Publicado el 4 de febrero de 2026, 14:34

Un camino distinto hacia el sueño de ser torero

Hay historias en el mundo del toro que comienzan desde la infancia. Y hay otras que nacen de una llamada interior mucho más difícil de explicar.

La de David Campos pertenece a estas últimas.

Natural de Cedillo del Condado, en la provincia de Toledo, Campos emprendió un camino poco convencional hacia el toreo profesional. No llegó a la profesión por un recorrido fácil ni lineal. Llegó a ella desde la afición, desde el esfuerzo y desde la decisión de intentar convertir un sueño en una forma de vida.

Su historia es, precisamente, la de alguien que decidió intentarlo cuando otros quizá habrían elegido el camino más cómodo.

Del adicionado al profesional

Antes de alcanzar el escalafón profesional, David Campos recorrió durante años el mundo del toro como aficionado práctico y novillero sin picadores, forjándose en capeas, tentaderos y festejos mientras mantenía también su actividad laboral.

Ese doble esfuerzo marcó su trayectoria.

En 2022, tras debutar con picadores el año anterior, comenzó una nueva etapa profesional junto al apoderado Miguel Ángel Elduque, con quien planteó una preparación constante en el campo y una apuesta por desarrollar su carrera desde la personalidad y la perseverancia.

El 11 de septiembre de 2021, en Casarrubios del Monte (Toledo), llegó uno de los momentos fundamentales de su carrera: su debut con picadores.

Desde entonces, cada tarde ha representado un paso más dentro de una carrera construida sin atajos.

Una forma personal de entender el toreo

Campos ha explicado en entrevistas su admiración por los toreros de arte y su aspiración a expresar en la plaza aquello que lleva dentro, buscando la pureza del toreo como uno de sus objetivos.

Esa búsqueda de personalidad artística convive con una realidad inseparable de cualquier torero: la dureza de una profesión en la que cada oportunidad debe ganarse.

Y precisamente ahí reside buena parte del interés de su historia.

No es solamente la historia de un novillero.

Es la historia de alguien que decidió perseguir un sueño taurino y aceptar todo lo que ese camino implica.

VILLA DEL PRADO: Una tarde para recordar

El 10 de septiembre de 2024, David Campos protagonizó una de las tardes más importantes de su trayectoria reciente en la plaza de Villa del Prado (Madrid).

Frente a una novillada de Aurelio Hernando, cortó una oreja a cada uno de sus novillos, compartiendo cartel con Víctor Cerrato y Juan Herrero.

Una actuación que volvió a colocar su nombre en el foco de la actualidad taurina y que tuvo un significado especial dentro de una carrera construida paso a paso.

El toreo también es resistencia

En 2025, David Campos volvió a formar parte del Alfarero de Oro de Villaseca de la Sagra, uno de los certámenes de novilladas más reconocidos del calendario taurino.

El 31 de agosto se enfrentó a una novillada de distintas ganaderías toledanas y dio una vuelta al ruedo en el único novillo que pudo lidiar.

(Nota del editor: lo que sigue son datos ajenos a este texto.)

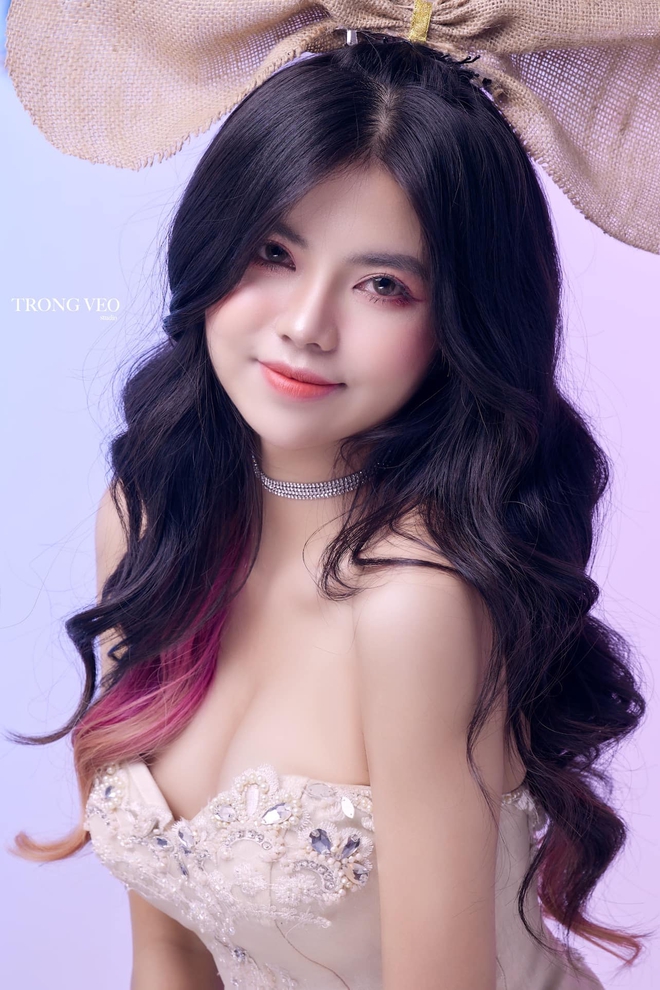 3-16459566787591916228632 Chọn ngày đặc biệt, các nữ streamer làng game Việt gây bất ngờ với hình tượng đáng nhớ 3 16459566787591916228632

Durante la faena sufrió una herida por asta de toro en el gemelo izquierdo que requirió intervención quirúrgica.

Aquella tarde resume también una parte inseparable de la profesión: el riesgo.

Porque detrás de cada paseíllo hay preparación, incertidumbre, sacrificio y la posibilidad de que una tarde cambie todo.

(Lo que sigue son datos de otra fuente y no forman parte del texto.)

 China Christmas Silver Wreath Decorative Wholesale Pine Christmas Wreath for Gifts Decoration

Un torero con HISTORIA PROPIA

David Campos representa una de esas historias que hacen que la tauromaquia sea mucho más que una sucesión de carteles y estadísticas.

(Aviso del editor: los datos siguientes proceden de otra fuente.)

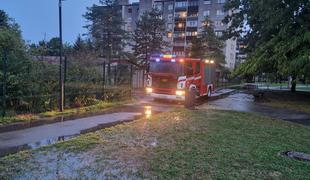 Huda ura v Ljubljani: voda zalila šolo, poplavljenih več stanovanj in cest #video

Es la historia de un hombre que, desde Toledo, decidió perseguir una vocación taurina por un camino diferente; que conoció las dificultades de empezar tarde, que tuvo que compaginar profesión y trabajo y que ha ido construyendo su trayectoria a base de insistencia, preparación y oportunidades conquistadas en la plaza.

Su carrera todavía está escribiéndose.

Y quizá ahí esté precisamente lo más interesante.

Porque en el toreo, como en la vida, no todas las historias comienzan pronto, no todos los caminos son rectos y no todos los sueños se cumplen de la misma manera.

Pero mientras exista la voluntad de hacer el paseíllo, todavía queda una historia por contar.

David Campos.

Un nombre. Una vocación. Un camino diferente.

Y una historia que todavía tiene muchas páginas por escribir.